Back in April, Gap Inc. stopped paying rent on stores that were closed due to COVID-19 and warned that it could face legal action while believing it was legally justified to not pay the rent. Last month, the Simon Property Group, the nation’s largest mall owner and operator, said it expected its tenants to pay rent even if the stores were closed. So on Thursday, Simon not surprisingly filed suit against Gap in a Delaware court, claiming Gap failed to pay almost $69.5 million in rent and other charges. Gap Inc., which operates Gap, Old Navy, Banana Republic, Athletic and Intermix stores, is Simon’s largest specialty store tenant.
During a conference call, Gap executives did not address the Simon suit, but they outlined the strategy with landlords.
Even with the disruptions from the pandemic in the first quarter, in some ways the story was the same as it has been for several years at the San Francisco-based Gap Inc. Old Navy and Athleta continue to lead the performance, while Gap and Banana Republic continue to lag. “We must be resolute about delivering brand clarity, quality and consistent execution,” stated Syngal. “Frankly we have not done this well for Gap and Banana Republic.”

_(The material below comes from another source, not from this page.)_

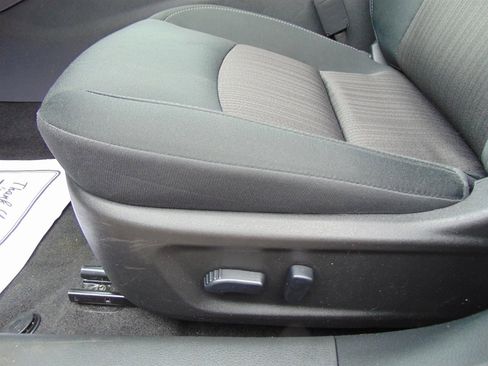 Used 2024 Nissan Altima 2.5 SV image 17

Old Navy’s sales were down 42 percent, with store sales down 60 percent and online sales up 20 percent. Off-mall, strip real estate that makes up about 75 percent of the fleet will be an advantage as customers return to stores and it expects traffic in these locations to ramp up more quickly than other formats, the company said.
Gap brand’s net sales were down 50 percent, with store sales down 64 percent and online sales down 5 percent. Part of the blame for the poor performance was attributed to “inconsistent execution of product and marketing messages” though there was some upside online as the quarter progressed and customers migrated to shopping digitally.
“Narrower and deeper assortment” are planned at Gap. And as reported, Gap signed a multiyear deal with IMG to extend the offerings of its Gap, Banana Republic and Janie and Jack brands to products and categories currently not sold but would be logical extensions of the existing assortments. Bedding, home textiles, home decor, furniture and baby equipment such as strollers and high chairs are among the products being considered.
Banana Republic’s net sales were down 47 percent, with store sales down 61 percent and online sales down 2 percent. The poor performance was partly blamed on the brand’s lack of casual, stay-athome merchandise, but shifts in the mix are in the works. Workwear, suiting and dresses were underperformed.
Athleta’s net sales were down 8 percent; store sales were down 50 percent while online sales rose 49 percent. “Customer response to Athleta was strong given the values-driven active and lifestyle space the brand participates in as well as the brand’s deep customer engagement through its powerful omni-channel model,” Gap Inc. said.
According to O’Connell, the promotional environment in the second quarter will “likely be largely the same” as the first quarter. However, operating costs of stores will be higher this year due to health measures that need to be taken and additional manpower required to monitor traffic at the front doors and fitting rooms.
Syngal began her comments during the conference call by addressing the civil unrest around the country and issues revolving around racism in the aftermath of last week’s killing of George Floyd by Minneapolis police. “As a company we have an opportunity to create a world that is more inclusive and brands that serve as a force for good..In a time of crisis, brands matter. Customers want to spend their money on brands they trust.” She did note that 20 stores sustained extensive damage during the looting that occurred while protests were being held.